> Exercise aim: Set out the listing word for word. End with the line that contains "bramble with leaves".

> Supplied material:
- - -

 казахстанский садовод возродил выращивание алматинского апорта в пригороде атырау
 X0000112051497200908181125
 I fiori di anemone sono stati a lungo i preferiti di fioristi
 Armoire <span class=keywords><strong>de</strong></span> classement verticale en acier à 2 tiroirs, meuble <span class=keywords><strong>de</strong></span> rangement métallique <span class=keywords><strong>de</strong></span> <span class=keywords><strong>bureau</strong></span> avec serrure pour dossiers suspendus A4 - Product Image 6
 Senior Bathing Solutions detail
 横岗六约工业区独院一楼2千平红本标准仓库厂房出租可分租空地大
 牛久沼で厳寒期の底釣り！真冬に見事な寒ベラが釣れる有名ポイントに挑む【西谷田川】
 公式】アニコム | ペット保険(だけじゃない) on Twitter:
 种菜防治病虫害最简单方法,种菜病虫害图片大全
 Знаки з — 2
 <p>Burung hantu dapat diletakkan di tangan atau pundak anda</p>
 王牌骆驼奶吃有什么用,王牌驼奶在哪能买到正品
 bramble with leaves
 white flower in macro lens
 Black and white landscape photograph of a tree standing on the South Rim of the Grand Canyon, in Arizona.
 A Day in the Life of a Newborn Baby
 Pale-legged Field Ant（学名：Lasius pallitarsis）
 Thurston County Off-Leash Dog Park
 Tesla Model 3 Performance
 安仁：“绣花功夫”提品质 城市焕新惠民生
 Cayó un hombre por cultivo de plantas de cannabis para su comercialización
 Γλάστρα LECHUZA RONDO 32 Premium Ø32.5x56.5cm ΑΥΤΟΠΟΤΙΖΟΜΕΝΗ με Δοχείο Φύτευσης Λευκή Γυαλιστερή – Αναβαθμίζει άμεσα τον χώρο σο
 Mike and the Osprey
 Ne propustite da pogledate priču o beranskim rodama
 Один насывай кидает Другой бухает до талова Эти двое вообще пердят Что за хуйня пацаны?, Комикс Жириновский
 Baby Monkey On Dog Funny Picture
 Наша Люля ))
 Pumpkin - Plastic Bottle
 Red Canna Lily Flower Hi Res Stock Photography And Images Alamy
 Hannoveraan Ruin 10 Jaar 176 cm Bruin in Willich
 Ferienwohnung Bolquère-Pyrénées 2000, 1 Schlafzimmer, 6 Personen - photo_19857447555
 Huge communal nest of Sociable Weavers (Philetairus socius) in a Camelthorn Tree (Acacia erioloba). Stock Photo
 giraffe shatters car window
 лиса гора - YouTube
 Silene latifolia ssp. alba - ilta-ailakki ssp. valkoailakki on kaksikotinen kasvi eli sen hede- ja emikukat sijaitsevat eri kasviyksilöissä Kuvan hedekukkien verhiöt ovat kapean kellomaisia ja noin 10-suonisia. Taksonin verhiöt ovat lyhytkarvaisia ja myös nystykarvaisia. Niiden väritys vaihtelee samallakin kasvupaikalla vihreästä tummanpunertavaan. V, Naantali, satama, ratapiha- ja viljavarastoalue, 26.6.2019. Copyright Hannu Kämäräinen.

- - -

> Output below:
 казахстанский садовод возродил выращивание алматинского апорта в пригороде атырау
 X0000112051497200908181125
 I fiori di anemone sono stati a lungo i preferiti di fioristi
 Armoire <span class=keywords><strong>de</strong></span> classement verticale en acier à 2 tiroirs, meuble <span class=keywords><strong>de</strong></span> rangement métallique <span class=keywords><strong>de</strong></span> <span class=keywords><strong>bureau</strong></span> avec serrure pour dossiers suspendus A4 - Product Image 6
 Senior Bathing Solutions detail
 横岗六约工业区独院一楼2千平红本标准仓库厂房出租可分租空地大
 牛久沼で厳寒期の底釣り！真冬に見事な寒ベラが釣れる有名ポイントに挑む【西谷田川】
 公式】アニコム | ペット保険(だけじゃない) on Twitter:
 种菜防治病虫害最简单方法,种菜病虫害图片大全
 Знаки з — 2
 <p>Burung hantu dapat diletakkan di tangan atau pundak anda</p>
 王牌骆驼奶吃有什么用,王牌驼奶在哪能买到正品
 bramble with leaves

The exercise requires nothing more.